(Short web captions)
"""
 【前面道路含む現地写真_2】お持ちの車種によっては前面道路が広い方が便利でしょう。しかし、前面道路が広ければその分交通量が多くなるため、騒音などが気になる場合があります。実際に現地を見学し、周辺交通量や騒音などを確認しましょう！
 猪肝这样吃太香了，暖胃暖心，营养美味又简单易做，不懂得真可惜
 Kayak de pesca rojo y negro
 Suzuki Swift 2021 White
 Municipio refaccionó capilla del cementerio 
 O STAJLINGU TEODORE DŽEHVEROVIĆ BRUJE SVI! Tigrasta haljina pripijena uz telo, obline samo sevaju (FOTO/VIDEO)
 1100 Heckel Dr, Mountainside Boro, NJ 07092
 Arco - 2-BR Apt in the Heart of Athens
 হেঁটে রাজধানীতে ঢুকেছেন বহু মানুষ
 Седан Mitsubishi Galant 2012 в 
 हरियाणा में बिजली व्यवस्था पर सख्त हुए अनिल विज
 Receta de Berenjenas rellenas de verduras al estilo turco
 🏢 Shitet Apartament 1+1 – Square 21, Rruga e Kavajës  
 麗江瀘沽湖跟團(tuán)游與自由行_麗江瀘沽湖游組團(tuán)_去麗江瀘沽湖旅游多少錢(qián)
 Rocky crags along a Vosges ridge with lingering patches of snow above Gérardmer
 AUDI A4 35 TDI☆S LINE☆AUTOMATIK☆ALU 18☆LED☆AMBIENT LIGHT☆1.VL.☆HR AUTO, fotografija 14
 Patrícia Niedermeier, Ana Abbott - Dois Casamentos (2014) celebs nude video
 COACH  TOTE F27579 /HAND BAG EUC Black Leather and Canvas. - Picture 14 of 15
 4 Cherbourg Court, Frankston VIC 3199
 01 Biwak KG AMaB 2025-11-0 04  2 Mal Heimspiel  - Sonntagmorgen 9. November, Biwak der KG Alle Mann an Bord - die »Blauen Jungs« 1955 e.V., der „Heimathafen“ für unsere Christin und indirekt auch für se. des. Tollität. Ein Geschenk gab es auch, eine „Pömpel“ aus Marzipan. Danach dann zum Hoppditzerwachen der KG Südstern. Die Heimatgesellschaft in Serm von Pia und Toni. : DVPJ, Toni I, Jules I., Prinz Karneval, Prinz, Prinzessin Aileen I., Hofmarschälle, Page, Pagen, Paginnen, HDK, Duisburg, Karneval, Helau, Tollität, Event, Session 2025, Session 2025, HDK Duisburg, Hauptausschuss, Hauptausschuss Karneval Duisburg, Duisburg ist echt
"""
> _Your instructions_: The expected output is the complete data, repeated exactly.

> _Final answer_:
 【前面道路含む現地写真_2】お持ちの車種によっては前面道路が広い方が便利でしょう。しかし、前面道路が広ければその分交通量が多くなるため、騒音などが気になる場合があります。実際に現地を見学し、周辺交通量や騒音などを確認しましょう！
 猪肝这样吃太香了，暖胃暖心，营养美味又简单易做，不懂得真可惜
 Kayak de pesca rojo y negro
 Suzuki Swift 2021 White
 Municipio refaccionó capilla del cementerio 
 O STAJLINGU TEODORE DŽEHVEROVIĆ BRUJE SVI! Tigrasta haljina pripijena uz telo, obline samo sevaju (FOTO/VIDEO)
 1100 Heckel Dr, Mountainside Boro, NJ 07092
 Arco - 2-BR Apt in the Heart of Athens
 হেঁটে রাজধানীতে ঢুকেছেন বহু মানুষ
 Седан Mitsubishi Galant 2012 в 
 हरियाणा में बिजली व्यवस्था पर सख्त हुए अनिल विज
 Receta de Berenjenas rellenas de verduras al estilo turco
 🏢 Shitet Apartament 1+1 – Square 21, Rruga e Kavajës  
 麗江瀘沽湖跟團(tuán)游與自由行_麗江瀘沽湖游組團(tuán)_去麗江瀘沽湖旅游多少錢(qián)
 Rocky crags along a Vosges ridge with lingering patches of snow above Gérardmer
 AUDI A4 35 TDI☆S LINE☆AUTOMATIK☆ALU 18☆LED☆AMBIENT LIGHT☆1.VL.☆HR AUTO, fotografija 14
 Patrícia Niedermeier, Ana Abbott - Dois Casamentos (2014) celebs nude video
 COACH  TOTE F27579 /HAND BAG EUC Black Leather and Canvas. - Picture 14 of 15
 4 Cherbourg Court, Frankston VIC 3199
 01 Biwak KG AMaB 2025-11-0 04  2 Mal Heimspiel  - Sonntagmorgen 9. November, Biwak der KG Alle Mann an Bord - die »Blauen Jungs« 1955 e.V., der „Heimathafen“ für unsere Christin und indirekt auch für se. des. Tollität. Ein Geschenk gab es auch, eine „Pömpel“ aus Marzipan. Danach dann zum Hoppditzerwachen der KG Südstern. Die Heimatgesellschaft in Serm von Pia und Toni. : DVPJ, Toni I, Jules I., Prinz Karneval, Prinz, Prinzessin Aileen I., Hofmarschälle, Page, Pagen, Paginnen, HDK, Duisburg, Karneval, Helau, Tollität, Event, Session 2025, Session 2025, HDK Duisburg, Hauptausschuss, Hauptausschuss Karneval Duisburg, Duisburg ist echt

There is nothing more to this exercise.